Every year we tweak our approach to the kids' birthdays. As infants and toddlers it was nothing more than a day with mom and dad (we both own our own businesses), an outing to a favorite place (the beach, museum in Milwaukee, Day trip to Chicago) and a home cooked meal with their favorite foods.
With preschool came the pressure to "throw a party". A few times we rented a venue, invited 20+ kids, and let chaos unfold for 2 hours. For dual career parents flying without any grandparent assistance, this was doable. It took very little of our time, but felt over indulgent.
This year we went with a home party and a smaller number of kids for each party. My husband was delighted to see the furnished basement we've been paying for since buying this house in November 2010 finally being put to use (the kids have been too scared to play down there until recently).
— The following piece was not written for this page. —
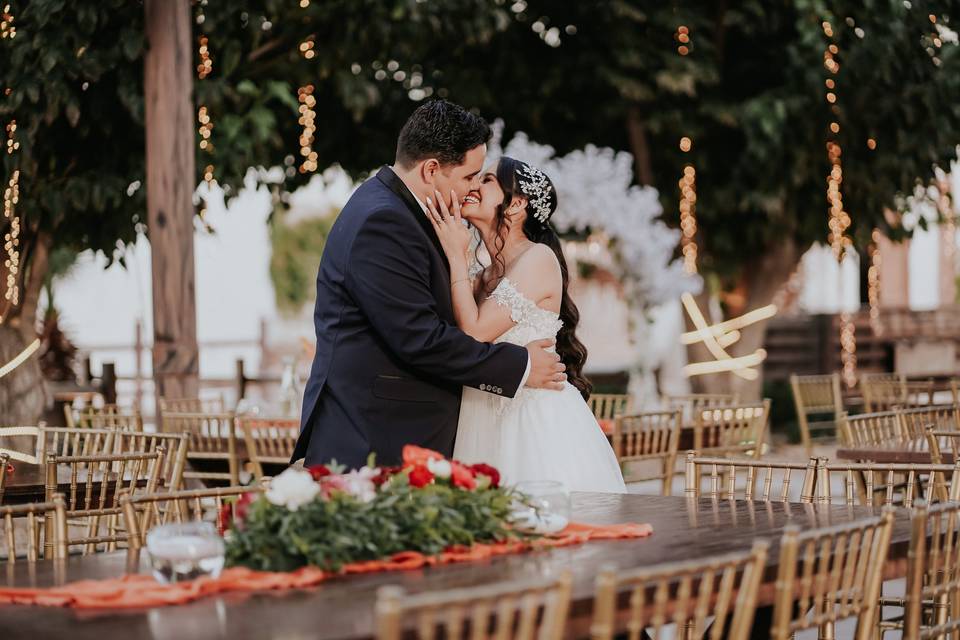 Beso novios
We also gave the kids a budget of $500 to cover: gifts, party, and supplies. Any remainder would be cash for them to save, spend, and or donate. Why the budget? It's a hidden gift, giving our kids the power to spend, and learn from overspending. We rather they make money mistakes at 9 rather than 19.
After watching his sister spend money on a lot of party favors (which she did not regret), he took a more austere approach:
- homemade cake which he helped to bake and decorate -- toppers ordered of of Amazon, recipe is Betty Crocker Midnight Chocolate (he gets it every year)
- Evites saying "let's reconnect" before school starts
- Guests built Lego free-style cards upon arrival, that were then raced down a homemade ramp
- Guests took plastic bracelets and did a modified ring toss over Lego towers
- Dinner of pizza (using Feed an Army $26 coupon from Rocky Roco's), corn on the cob, and melon.
- Prizes were given out to Lego Race winners, with 1st selecting 1st, from a stash of over-sized candies;
- Candy and popcorn consumed with watching Lego Batman movie (purchased at Barnes & Noble with a 30% off coupon plus another 10% off for being a member)
Connections were reinforced, friendships strengthened, and fun was had. Our son received all his presents, ordered off of Amazon Prime. I used my Amazon Prime credit card, which is paid in full each month, receiving 5% cash back that will be added to our travel fund.
The experience of having a budget for a party forced the kids to think about what resources at home we could use. For example, the ramp was a huge piece of cardboard that had been in the garage since we bought the house, coated with black spray paint purchased for a bat house yet to be mounted. We could see the wheels turn behind their eyes -- do I need to spend money on fancy plates when we have plain paper plates at home? One kid said yes, the other no. Frugal isn't about depriving yourself, but about maximizing your spending power to enjoy your time on this little blue dot sailing around the sun.
His actual birthday, with a 2nd cake. Happy 9th our love, next year it will be double digits.